Toolkit Resources to Help Understand and Manage Campus Food Waste

Learning

Toolkit Resources to Help Understand and Manage Campus Food Waste

Date and time: March 14 at 2:00–5:00 PM ET

Join AASHE to start to develop an understanding of how and where your campus generates food waste (FW) and then how you can use that to lay out a framework to create a comprehensive food waste management plan.

It’s everywhere on our campuses! It is obvious that FW is generated in dining facilities, but to-go boxes, grab and go, catering events, on-campus apartments also contribute to the complex and dispersed manner in which waste is generated, which complicates its collection for recovery or recycling. Getting a handle on the nature of FW generation is a critical first step towards developing a comprehensive FW management plan. The goal of this workshop is to help campus teams develop the skills and resources necessary to initiate or expand their FW Management Plans. We will use a toolkit throughout the workshop to walk attendees through the process of identifying sources of FW; auditing or estimating food waste generation; understanding the culture and attitudes of your campus toward managing FW; and identifying relevant collection, recovery or recycling options to keep this resource out of landfills.

The toolkit we will use was recently developed based on a five-university comprehensive FW management study and review of efforts on a number of other campuses. The toolkit includes education and outreach materials, templates and instructions for each step in the process of understanding and managing your FW from sources across campus.

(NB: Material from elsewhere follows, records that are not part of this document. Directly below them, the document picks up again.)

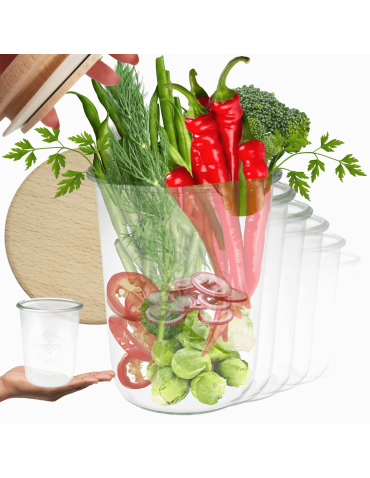 Słoiki Weck 850ml do suchych produktów MOLD drewniane wieka z gumką 6szt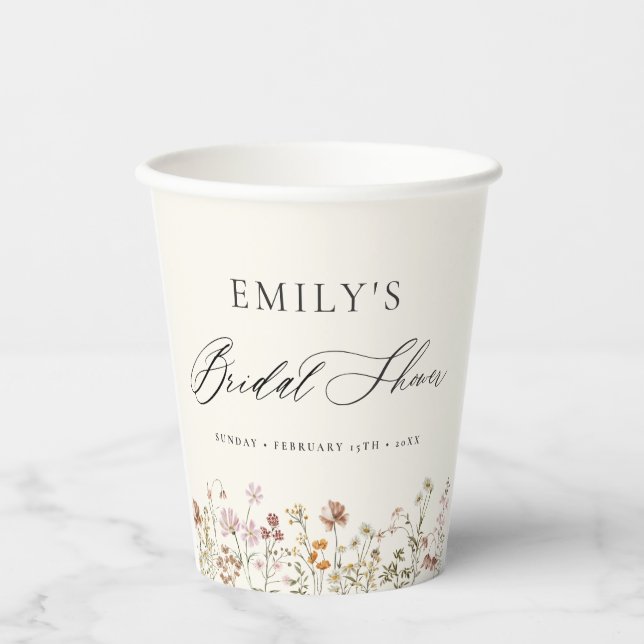 Vasos De Papel Boho Wildflower Bridal Shower Garden Script (Anverso)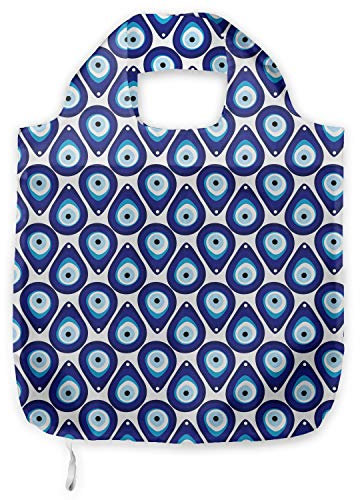 ABAKUHAUS Evil Eye Tragetasche aus Stoff, Tropfen Wulst, Praktische Altagsmode Einkaufstaschen, Blau Hellblau Weiß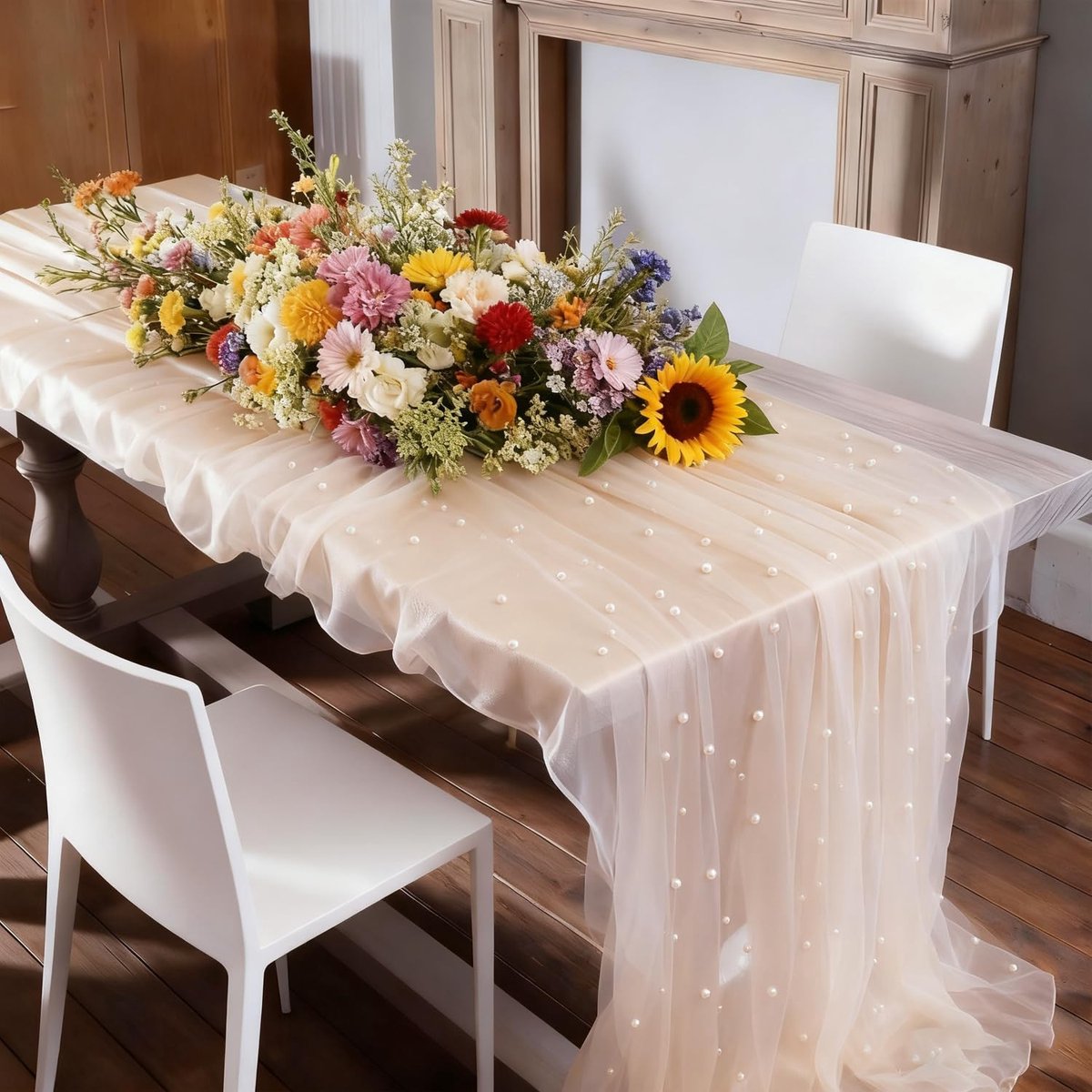 Tafelloper 80x300 cm, Vintage Kant Tafeldecoratie, Transparante Tulle voor Bruiloften, Feestjes, Kerstdiners, Decoratie Bridal Shower, Champagne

The tools and resources help to connect groups on a campus who have the same goals. Dining services, Fac Ops, and Students all have sustainability goals that they are encouraged to reach including climate action plans on campuses. Each of these groups need each other to reach these goals. The information from our project is valuable to all of the groups and working together helps engender trust, connection, and understanding. Thus, participation by campus teams is encouraged with representatives who manage waste (sustainability or facilities), students and dining services. Each team will work together to start to understand their own FW issues and apply the templates and process to their own campus. Participants will take home tangible work representing a start of their own efforts to implement a plan on their own campus.